Alexandra Reinecke, Art & Literature Editor

Some part of me has always been drawn to journalism. Where others idealized nurses or firefighters or admired the sea-shell pink and tan-colored leotards of ballerinas, I found a more uncommon career to which to aspire; the heroes of my youth were the journalists on CNN and NBC, those serious-faced reporters who stood in downpours, seemingly unaffected by the weather, or the idiotic waving of civilians behind them, those tough question-slingers whose loafers could be heard squeaking in hallways as they persistently questioned politicians who attempted to duck the camera and the public’s scrutiny.

For as long as I care to remember, I’ve held two images of patron saints: the first a grainy image of F. Scott Fitzgerald tucked into my wallet, the latter a scene stolen from our kitchen TV of a dark haired journalist in an obnoxious yellow raincoat, reporting despite a storm.

Having grown up in a family of intellectuals, a grandfather scientist, a lawyer mother, the Irish heritage which held so high the value of education, truth was always my imperative. In a way, I have never given up my desire for the truth. Just as it was never enough, in elementary school, when someone said they might have served snickerdoodles at so-and-so’s birthday party, today it is not enough to know that a friend might have gone out Saturday night, or that a classmate may or may not have achieved a perfect score on a recent test. I’ve never put stock in indefinites. What I’ve wanted for many years, maybe my whole life, is for the world to be broken down into the simplicity of newspaper columns. I want facts. I want certainty.

Given my immediate family’s lack of religious denomination, we have no pompousness, little ceremony. When I had to study for a math test and miss out on the usual routine of buying the Christmas tree as a family, there was no pushback. There was not so much as a recognition in the change of our familial inertia. We just keep going, not propelled by any force or spirit, but by our sheer and unwavering dedication to the truth.

The kitchen TV is our family’s shrine, is a nod to what we regard highest: the truth. For as long as I can remember my mother littered the space around it with articles from The New Yorker, the WSJ, the NYT. Where other families have a shared baseball team–enter my cousins’ Red Sox obsession–or a common culinary taste–enter another family member’s daily potato routine–mine has the journalistic news media as a catheter for communication. There is a familial patriotism fostered in our common journalistic imbibing; my mother sends New Yorker articles in our family group message with no need of elaboration; a Sunday hasn’t passed where my father hasn’t volleyed snippets of the week’s Wall Street Journal from his sun-basked office chair to my mother across the hall.

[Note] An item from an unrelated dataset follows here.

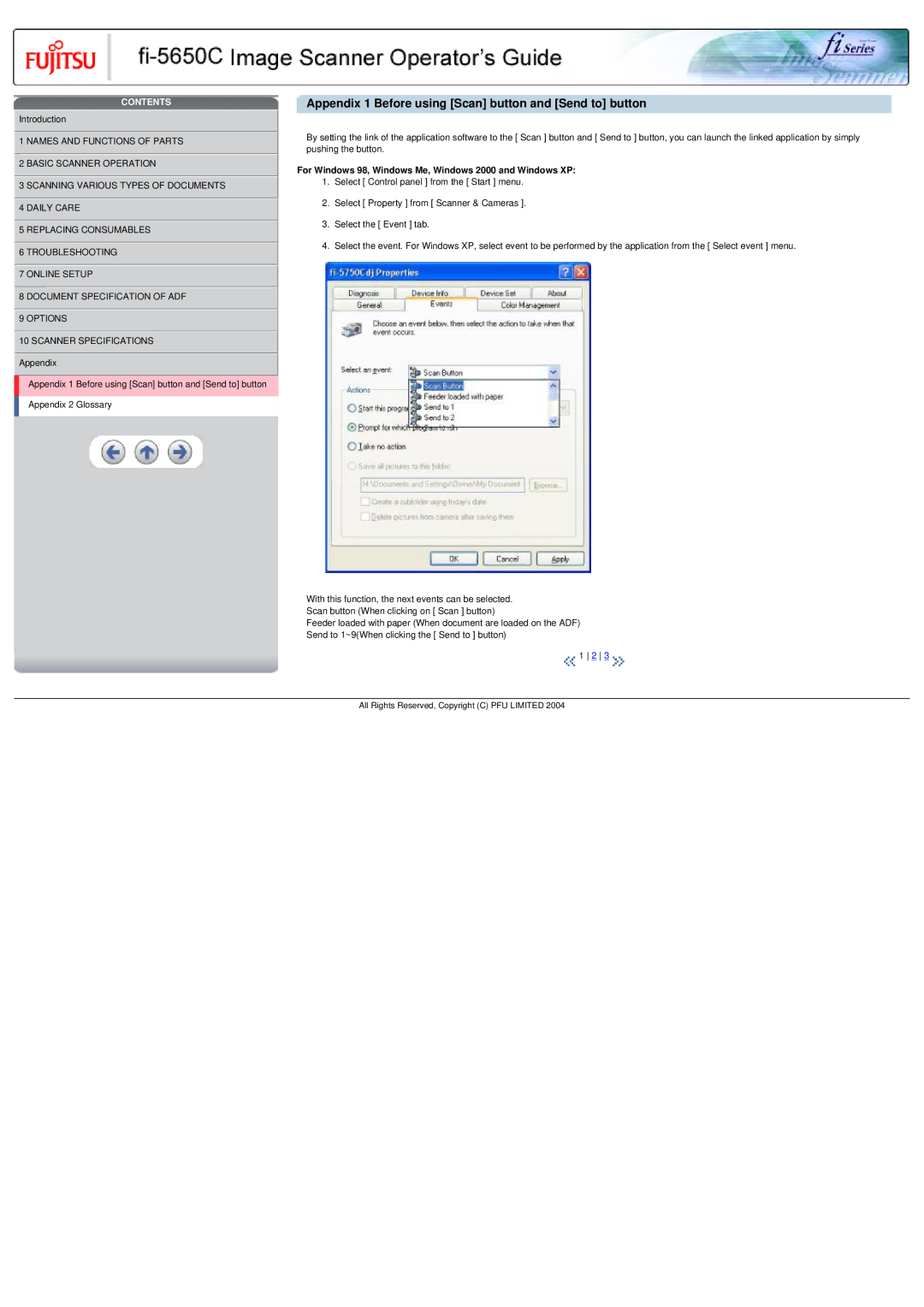 Fujitsu fi-5650C specifications Appendix 1 Before using Scan button and Send to button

Our kitchen table is my haven, because it is in this location that I am comforted by the usual sounds and colors, the familiar visceral indications of my youth: the smell of cooking onions, the voices of news anchors on the screen, the cherry colored band marked “CNN” as permanent a piece of our house’s worst TV as the screen itself. The locked liquors are kept in a cabinet beneath this TV; it is here that I throw a New Yorker for which, at present, I am too busy, where my father prepares his wine, where my mother hovers protectively at the suggestion we eat a meal without a place for Anderson Cooper.

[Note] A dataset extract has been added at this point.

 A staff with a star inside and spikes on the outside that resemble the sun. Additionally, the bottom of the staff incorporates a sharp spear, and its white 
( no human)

Given this particularly reverent attitude for the news my formative years have cultivated, one of the most jarring aspects of the recent presidential election for me was the conservative backlash against the “liberal news media.” This recent anti-journalistic rhetoric is not upsetting because of the aim it takes at my childhood heroes, however, but more so because of the aim it takes at the very values those heroes represent, the values we understand as so fundamentally American. 

New President Donald Trump, like him or not, has threatened limiting the press, an age-old means of controlling thought and issuing state-mandated propaganda. He recently took to Twitter to express his belief that the news media, listing reputable publications such as The Wall Street Journal and The New York Times, is “the enemy of the American People!” You’ve probably heard a lot of talk about this controversial comment; in fact, you’ve probably read a lot of articles about it. But what, really, you may be asking yourself, is the importance of the news media after all?

The Associated Press defines the purpose of journalism as communication that keeps us informed of the changing events, issues, and characters in the world outside. Though it may be interesting or even entertaining, the foremost value of news is as a utility to empower the informed.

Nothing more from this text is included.